A good heuristic for regression is to set this hyperparameter to 1/3 the number of input features.

  • num_features_for_split = total_input_features / 3

For classification problems, Breiman (2001) recommends setting mtry to the square root of the number of predictors.

— Page 387, Applied Predictive Modeling, 2013.

A good heuristic for classification is to set this hyperparameter to the square root of the number of input features.

  • num_features_for_split = sqrt(total_input_features)

Another important hyperparameter to tune is the depth of the decision trees. Deeper trees are often more overfit to the training data, but also less correlated, which in turn may improve the performance of the ensemble. Depths from 1 to 10 levels may be effective.

Finally, the number of decision trees in the ensemble can be set.
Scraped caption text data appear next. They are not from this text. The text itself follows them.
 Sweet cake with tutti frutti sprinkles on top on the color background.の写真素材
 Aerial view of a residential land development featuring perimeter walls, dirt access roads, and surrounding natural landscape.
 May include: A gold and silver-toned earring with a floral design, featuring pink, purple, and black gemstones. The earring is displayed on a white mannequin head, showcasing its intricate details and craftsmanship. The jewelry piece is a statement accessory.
Often, this is increased until no further improvement is seen.

Random Forest Scikit-Learn API

Random Forest ensembles can be implemented from scratch, although this can be challenging for beginners.

The scikit-learn Python machine learning library provides an implementation of Random Forest for machine learning.
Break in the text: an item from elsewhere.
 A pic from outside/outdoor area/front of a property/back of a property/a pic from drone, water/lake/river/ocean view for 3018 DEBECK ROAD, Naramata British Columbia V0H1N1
It is available in modern versions of the library.

First, confirm that you are using a modern version of the library by running the following script:

# check scikit-learn version
import sklearn
print(sklearn.__version__)

Running the script will print your version of scikit-learn.

Your version should be the same or higher. If not, you must upgrade your version of the scikit-learn library.

0.22.1

Random Forest is provided via the RandomForestRegressor and RandomForestClassifier classes.
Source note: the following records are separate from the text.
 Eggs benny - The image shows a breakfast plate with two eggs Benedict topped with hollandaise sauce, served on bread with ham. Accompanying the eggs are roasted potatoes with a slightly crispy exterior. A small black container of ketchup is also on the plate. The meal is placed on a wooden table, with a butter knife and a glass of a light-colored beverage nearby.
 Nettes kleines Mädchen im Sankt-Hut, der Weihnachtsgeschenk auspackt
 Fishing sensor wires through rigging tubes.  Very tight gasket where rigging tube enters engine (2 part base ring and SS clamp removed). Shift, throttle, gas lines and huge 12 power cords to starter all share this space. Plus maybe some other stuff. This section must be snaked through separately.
Both models operate the same way and take the same arguments that influence how the decision trees are created.

Randomness is used in the construction of the model. This means that each time the algorithm is run on the same data, it will produce a slightly different model.

When using machine learning algorithms that have a stochastic learning algorithm, it is good practice to evaluate them by averaging their performance across multiple runs or repeats of cross-validation. When fitting a final model, it may be desirable to either increase the number of trees until the variance of the model is reduced across repeated evaluations, or to fit multiple final models and average their predictions.

Let’s take a look at how to develop a Random Forest ensemble for both classification and regression tasks.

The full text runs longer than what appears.